THURSDAY, July 12, 2018 (American Heart Association) — People with a history of heart disease who eat a traditional Southern diet are more likely to die than those who follow a Mediterranean dietary pattern, according to new research.
The large-scale study, published July 12 in the Journal of the American Heart Association, adds to the growing body of evidence on heart disease and its association with dietary patterns from different parts of the world.
Researchers defined the U.S. Southern diet as high in added fats, fried food, eggs, processed meats and sugar-sweetened beverages. By contrast, the Mediterranean diet was defined as high in vegetables, fruits, fish, whole grains and legumes, and low in meat and dairy.
The study is among the first to zero in on people who already had a history of coronary heart disease, such as a previous heart attack or coronary artery bypass surgery. Researchers examined data from 3,562 white and black men and women ages 45 and older living in different parts of the United States. Participants were first given an exam and dietary assessment, and then called every six months to ask about new coronary heart disease events.
Seven years later, 581 people had experienced a second coronary heart disease event, and 1,098 people had died from a variety of causes. After looking closely at an assortment of dietary patterns, the researchers found a clear association between death and people who ate a Southern diet.

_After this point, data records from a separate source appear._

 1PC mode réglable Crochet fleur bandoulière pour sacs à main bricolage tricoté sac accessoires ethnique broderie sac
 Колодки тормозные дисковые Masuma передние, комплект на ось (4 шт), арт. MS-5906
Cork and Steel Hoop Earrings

“The greater someone adheres to the Southern dietary pattern, the higher the risk of all-cause mortality,” said James Shikany, the study’s lead author and a nutritional epidemiologist at the University of Alabama at Birmingham’s Division of Preventive Medicine. “But with the Mediterranean diet, the greater they adhere, the lower the risk of recurrent coronary heart disease and all-cause mortality.”
The study was a follow-up to research published in 2015 that found a higher risk of acute heart attack or heart-related death among participants without a history of heart disease at the start of the study.

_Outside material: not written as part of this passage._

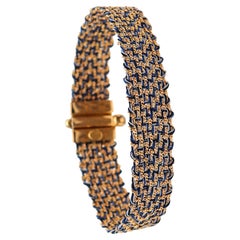 Carolina Bucci Blue Woven Thread Wrap Bracelet in 18 Karat Yellow Gold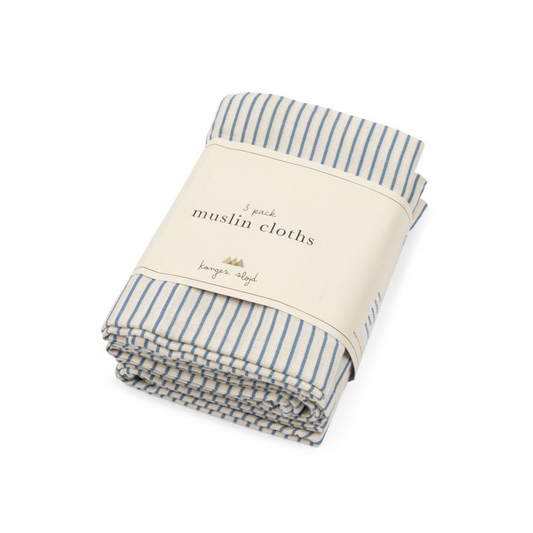 3 PACK MUSLIN CLOTH GOTS - STRIPE BLUIE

Shikany said it’s important to note that the research — both the new study and the 2015 study — looked at dietary patterns, not specific foods. It’s not known which individual components of the Southern pattern confer the most risk, he said.
Still, he noted, these latest results should be a wake-up call for anyone with heart disease who eats a traditional Southern diet.

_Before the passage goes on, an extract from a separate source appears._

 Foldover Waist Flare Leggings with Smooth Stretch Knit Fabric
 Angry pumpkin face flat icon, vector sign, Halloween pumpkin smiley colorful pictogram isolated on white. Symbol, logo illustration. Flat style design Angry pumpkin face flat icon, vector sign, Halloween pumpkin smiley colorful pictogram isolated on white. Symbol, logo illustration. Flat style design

“We believe it is prudent to add more fruits and vegetables, and switch to more unsaturated fats, such as olive oil, as opposed to butter,” he said.
Marie-Pierre St-Onge, associate professor of nutritional medicine at Columbia University in New York City, called it “a unique study that shows how important it is to consume a healthy diet.” Yet she also called for future studies to examine how people with heart disease fare after they improve their diet.
“A cardiovascular event is a scary thing, and it can be a high motivator for people to eat more healthfully and exercise more,” said St-Onge, who wasn’t involved in the study. “I’d like to know how making lifestyle changes after the first event might prevent secondary events and death.”
Shikany said he hopes the study underscores the importance for doctors to counsel patients on nutrition and offer suggestions for changing their diet. He also recommends patients work with a registered dietitian to plot out concrete ways to eat healthier.
Federal dietary guidelines recommend a healthy eating pattern that features fruits, vegetables, whole grains, legumes, nuts, seeds and fish, and that limits added sugars, sodium and saturated fats.
The key for all health care providers, Shikany said, is taking a slow-and-steady approach to get patients to improve their diets for the long-run.
“Instead of eating processed meats every day, perhaps recommend they start out by cutting that down to twice a week,” he said. “If you recommend a radical change, all at once, people … are less likely to make changes.”